§ TASK INSTRUCTIONS:
Please reproduce the listing in its entirety, exactly as written, but without images.
──────── DATASET EXCERPTS ────────
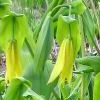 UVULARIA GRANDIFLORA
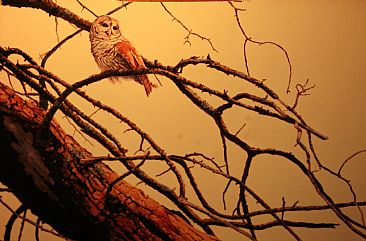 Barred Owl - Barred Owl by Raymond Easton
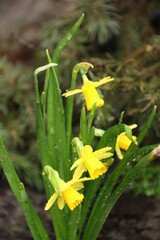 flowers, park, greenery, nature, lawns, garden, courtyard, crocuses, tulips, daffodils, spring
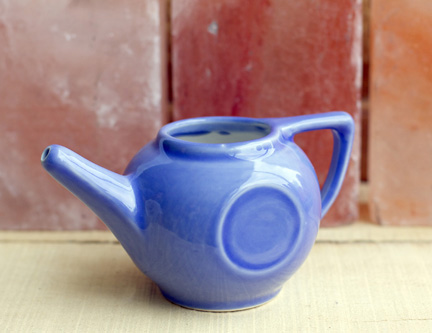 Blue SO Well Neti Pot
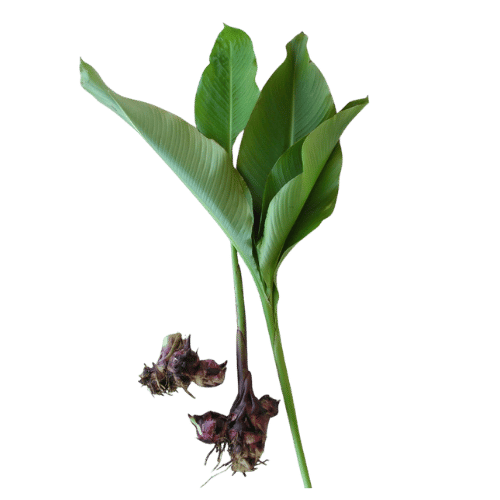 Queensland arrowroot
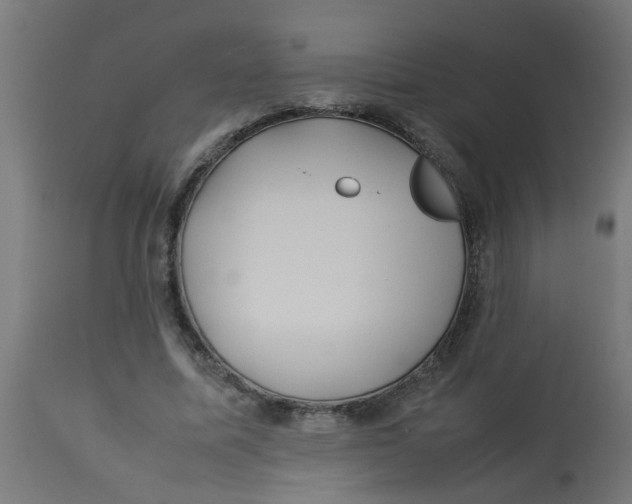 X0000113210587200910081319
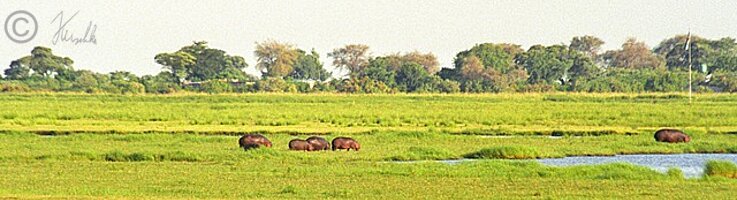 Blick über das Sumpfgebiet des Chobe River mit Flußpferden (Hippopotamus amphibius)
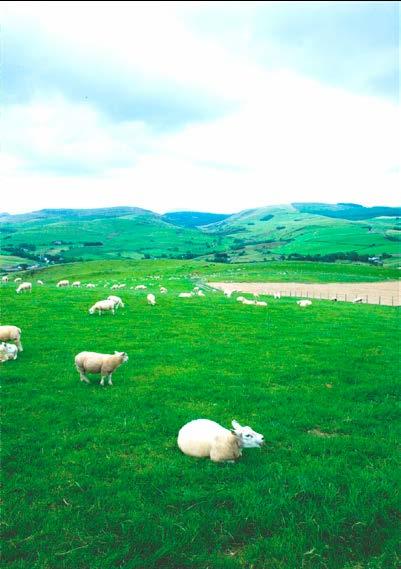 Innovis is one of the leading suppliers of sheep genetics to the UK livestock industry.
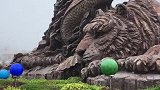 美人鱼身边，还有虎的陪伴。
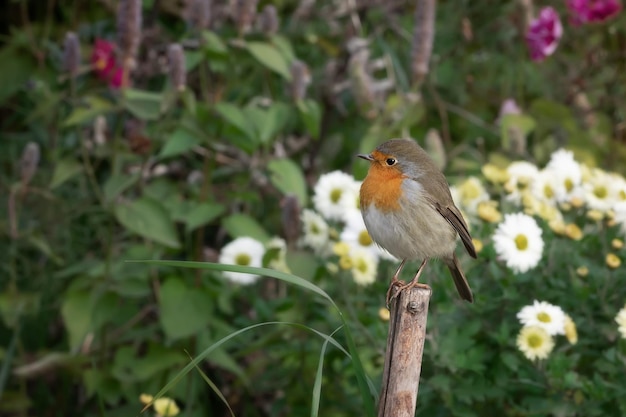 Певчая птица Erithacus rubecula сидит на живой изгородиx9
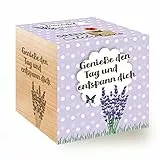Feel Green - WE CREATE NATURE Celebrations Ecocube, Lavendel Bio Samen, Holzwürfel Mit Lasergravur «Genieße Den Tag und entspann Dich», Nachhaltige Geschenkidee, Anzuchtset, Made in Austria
────────
§ EXERCISE RESULT:
 UVULARIA GRANDIFLORA
 Barred Owl - Barred Owl by Raymond Easton
 flowers, park, greenery, nature, lawns, garden, courtyard, crocuses, tulips, daffodils, spring
 Blue SO Well Neti Pot
 Queensland arrowroot
 X0000113210587200910081319
 Blick über das Sumpfgebiet des Chobe River mit Flußpferden (Hippopotamus amphibius)
 Innovis is one of the leading suppliers of sheep genetics to the UK livestock industry.
 美人鱼身边，还有虎的陪伴。
 Певчая птица Erithacus rubecula сидит на живой изгородиx9
Feel Green - WE CREATE NATURE Celebrations Ecocube, Lavendel Bio Samen, Holzwürfel Mit Lasergravur «Genieße Den Tag und entspann Dich», Nachhaltige Geschenkidee, Anzuchtset, Made in Austria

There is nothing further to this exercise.